Re: [PATCH v2 2/2] commit: detect commits that exist in commit-graph but not in the ODB

[Date Prev][Date Next][Thread Prev][Thread Next][Date Index][Thread Index]

 



Patrick Steinhardt <ps@xxxxxx> writes:

> Commit graphs can become stale and contain references to commits that do
> not exist in the object database anymore. Theoretically, this can lead
> to a scenario where we are able to successfully look up any such commit
> via the commit graph even though such a lookup would fail if done via
> the object database directly.
>
> As the commit graph is mostly intended as a sort of cache to speed up
> parsing of commits we do not want to have diverging behaviour in a
> repository with and a repository without commit graphs, no matter
> whether they are stale or not. As commits are otherwise immutable, the
> only thing that we really need to care about is thus the presence or
> absence of a commit.
>
> To address potentially stale commit data that may exist in the graph,
> our `lookup_commit_in_graph()` function will check for the commit's
> existence in both the commit graph, but also in the object database. So
> even if we were able to look up the commit's data in the graph, we would
> still pretend as if the commit didn't exist if it is missing in the
> object database.
>
> We don't have the same safety net in `parse_commit_in_graph_one()`
> though.

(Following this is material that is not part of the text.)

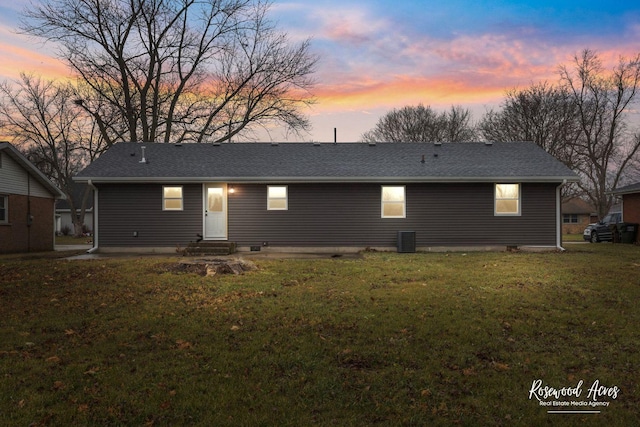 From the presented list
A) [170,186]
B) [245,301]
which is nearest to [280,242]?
[170,186]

This function is mostly used internally in "commit-graph.c"
> itself to validate the commit graph, and this usage is fine. We do
> expose its functionality via `parse_commit_in_graph()` though, which
> gets called by `repo_parse_commit_internal()`, and that function is in
> turn used in many places in our codebase.
>
> For all I can see this function is never used to directly turn an object
> ID into a commit object without additional safety checks before or after
> this lookup. What it is being used for though is to walk history via the
> parent chain of commits. So when commits in the parent chain of a graph
> walk are missing it is possible that we wouldn't notice if that missing
> commit was part of the commit graph. Thus, a query like `git rev-parse
> HEAD~2` can succeed even if the intermittent commit is missing.
>
> It's unclear whether there are additional ways in which such stale
> commit graphs can lead to problems. In any case, it feels like this is a
> bigger bug waiting to happen when we gain additional direct or indirect
> callers of `repo_parse_commit_internal()`. So let's fix the inconsistent
> behaviour by checking for object existence via the object database, as
> well.
>
> This check of course comes with a performance penalty. The following
> benchmarks have been executed in a clone of linux.git with stable tags
> added:
>
>     Benchmark 1: git -c core.commitGraph=true rev-list --topo-order --all (git = master)
>       Time (mean ± σ):      2.913 s ±  0.018 s    [User: 2.363 s, System: 0.548 s]
>       Range (min … max):    2.894 s …  2.950 s    10 runs
>
>     Benchmark 2: git -c core.commitGraph=true rev-list --topo-order --all (git = pks-commit-graph-inconsistency)
>       Time (mean ± σ):      3.834 s ±  0.052 s    [User: 3.276 s, System: 0.556 s]
>       Range (min … max):    3.780 s …  3.961 s    10 runs
>
>     Benchmark 3: git -c core.commitGraph=false rev-list --topo-order --all (git = master)
>       Time (mean ± σ):     13.841 s ±  0.084 s    [User: 13.152 s, System: 0.687 s]
>       Range (min … max):   13.714 s … 13.995 s    10 runs
>
>     Benchmark 4: git -c core.commitGraph=false rev-list --topo-order --all (git = pks-commit-graph-inconsistency)
>       Time (mean ± σ):     13.762 s ±  0.116 s    [User: 13.094 s, System: 0.667 s]
>       Range (min … max):   13.645 s … 14.038 s    10 runs
>
>     Summary
>       git -c core.commitGraph=true rev-list --topo-order --all (git = master) ran
>         1.32 ± 0.02 times faster than git -c core.commitGraph=true rev-list --topo-order --all (git = pks-commit-graph-inconsistency)
>         4.72 ± 0.05 times faster than git -c core.commitGraph=false rev-list --topo-order --all (git = pks-commit-graph-inconsistency)
>         4.75 ± 0.04 times faster than git -c core.commitGraph=false rev-list --topo-order --all (git = master)
>
> We look at a ~30% regression in general, but in general we're still a
> whole lot faster than without the commit graph. To counteract this, the
> new check can be turned off with the `GIT_COMMIT_GRAPH_PARANOIA` envvar.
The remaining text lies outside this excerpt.